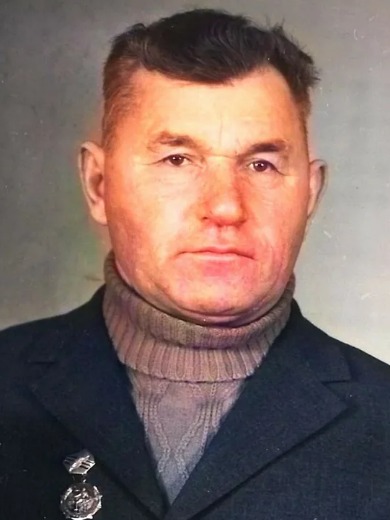 Сивун Григорий Данилович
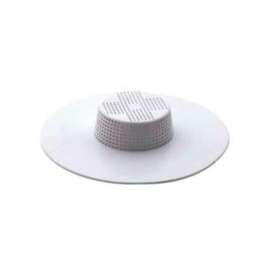 Moen M-Line Series M2410 Drain Guard, Vinyl, White
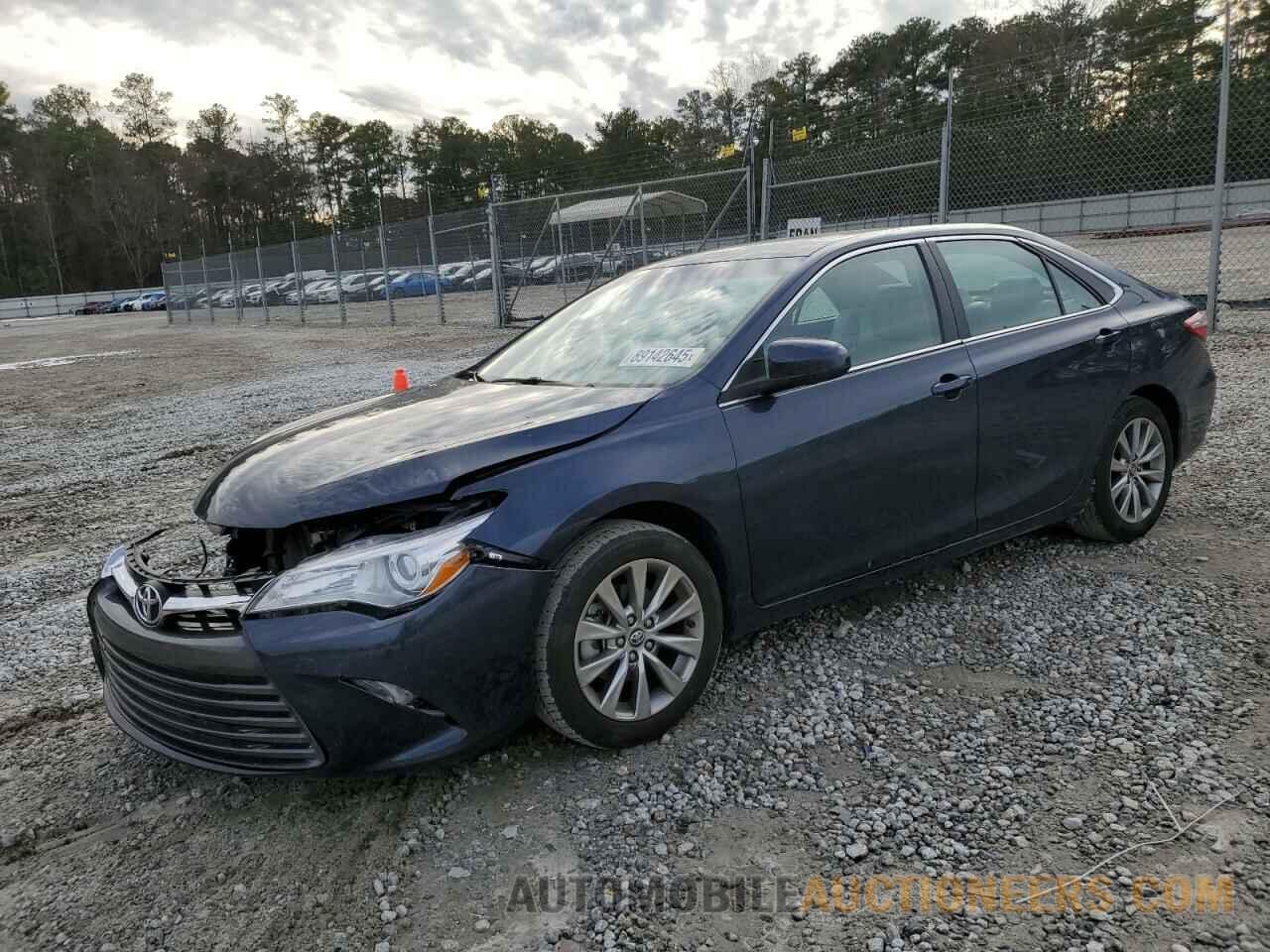 4T1BF1FK5HU676725 TOYOTA CAMRY 2017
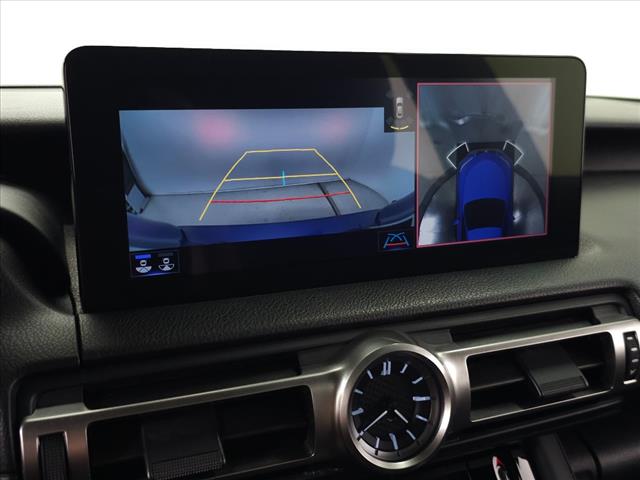 2022 Lexus IS 350 F SPORT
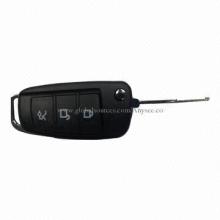 Car key covert camera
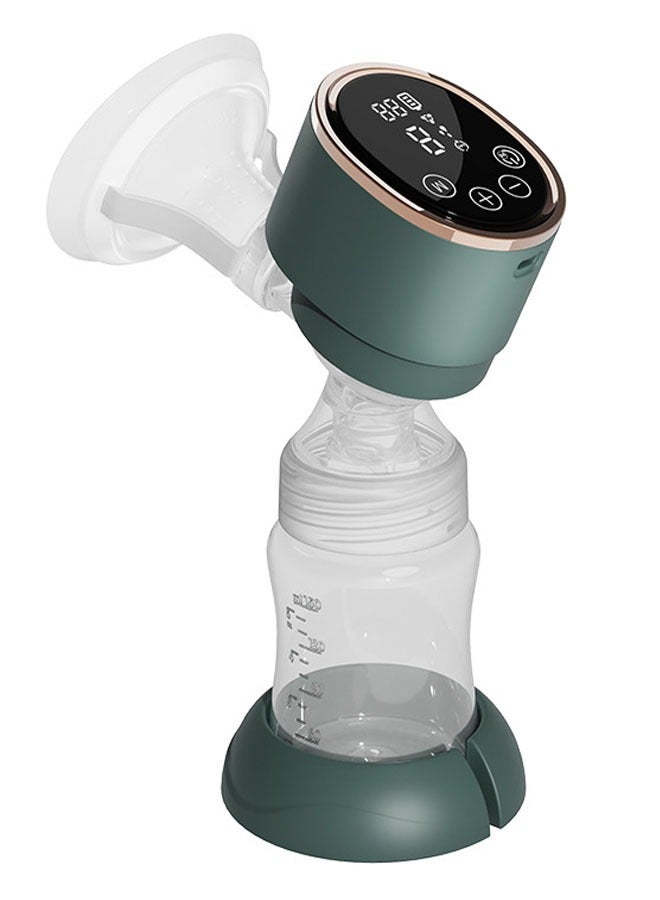 كيكي مضخة ثدي كهربائية ذكية مقاومة للماء للأمهات والرضع - Image 1
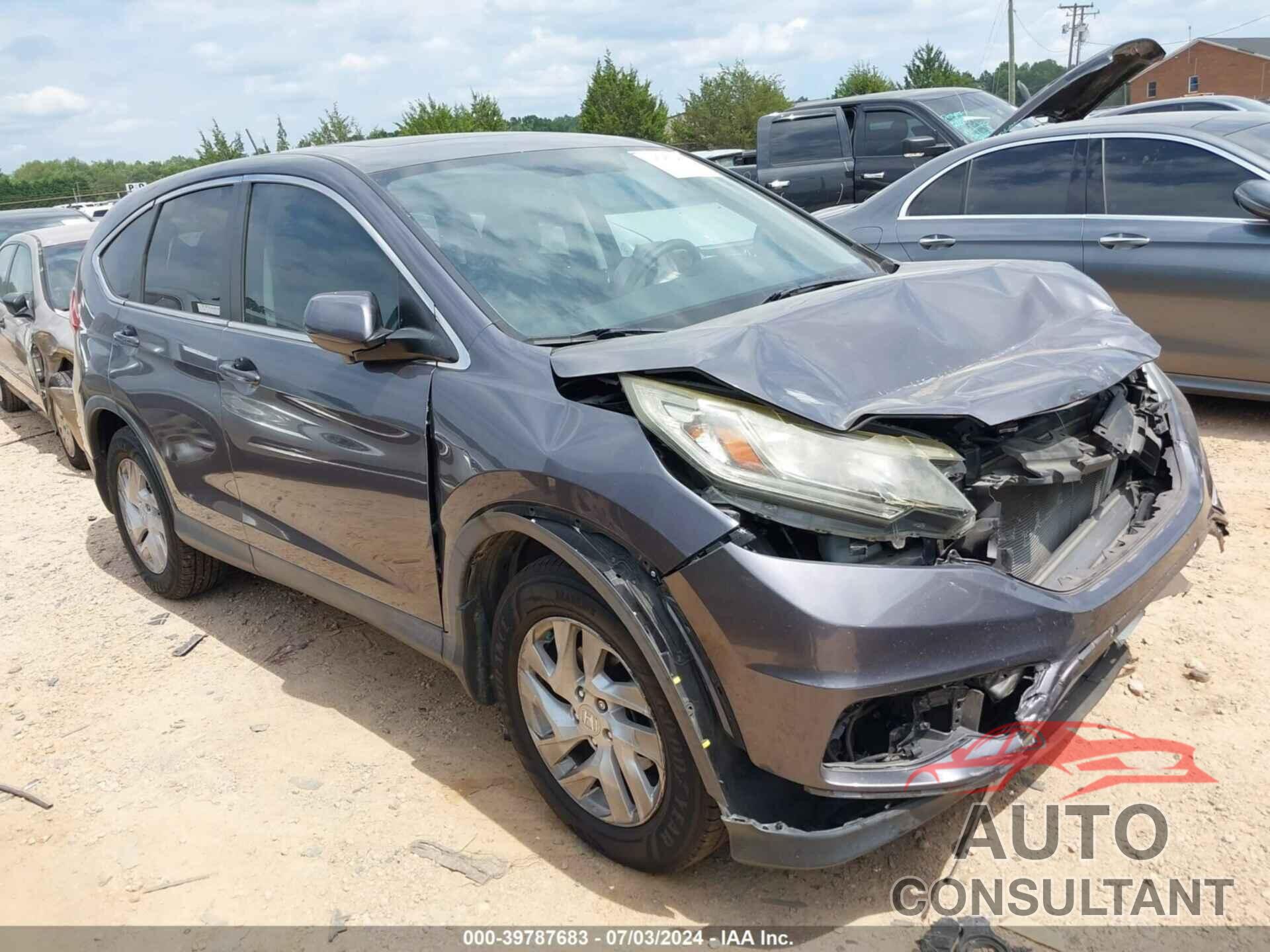 HONDA CR-V 2016 - 3CZRM3H53GG716159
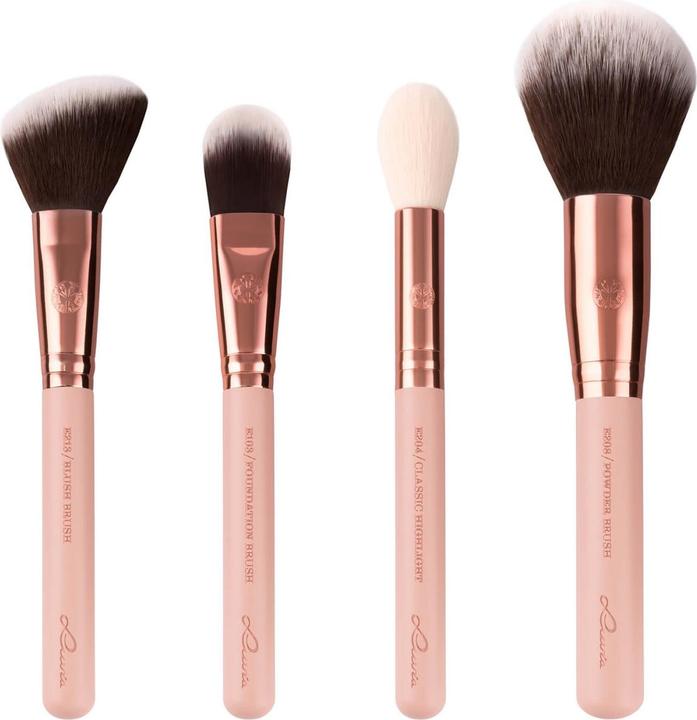 Immagine prodotto Luvia Cosmetics - Spazzole essenziali Rose Golden Vintage (Set)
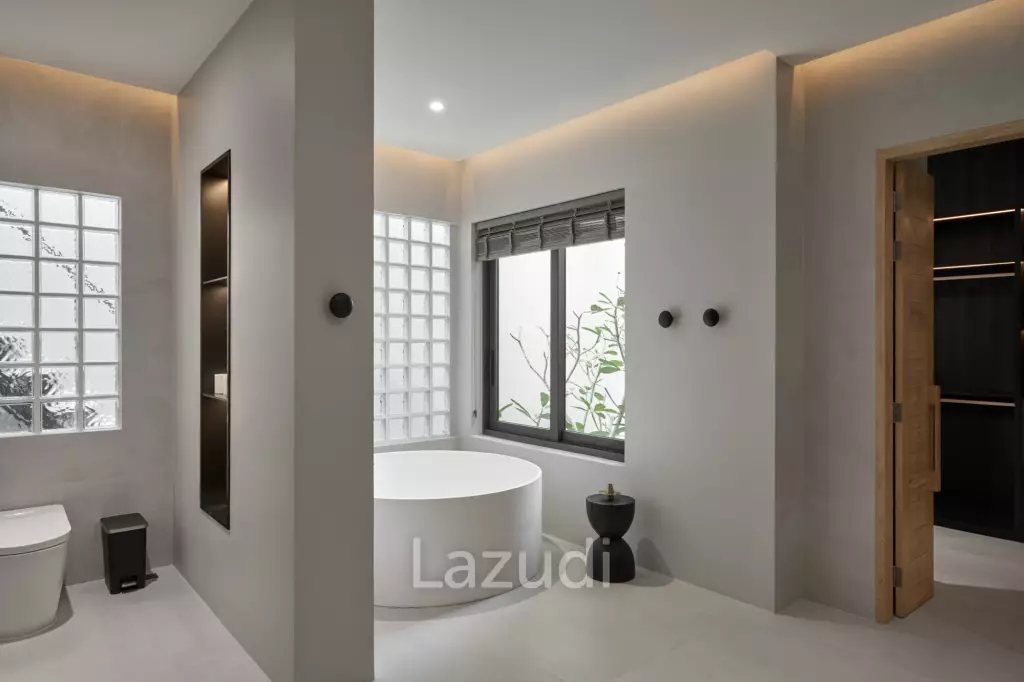6-Bedroom Pool Villa for Sale with Breathtaking Panoramic Mountain Views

--- Exercise description ---
Extract exactly the lines from the one containing "Immagine prodotto Luvia" through the last line of the records above, both included, and leave out the pictures.

--- Result of the exercise ---
 Immagine prodotto Luvia Cosmetics - Spazzole essenziali Rose Golden Vintage (Set)
6-Bedroom Pool Villa for Sale with Breathtaking Panoramic Mountain Views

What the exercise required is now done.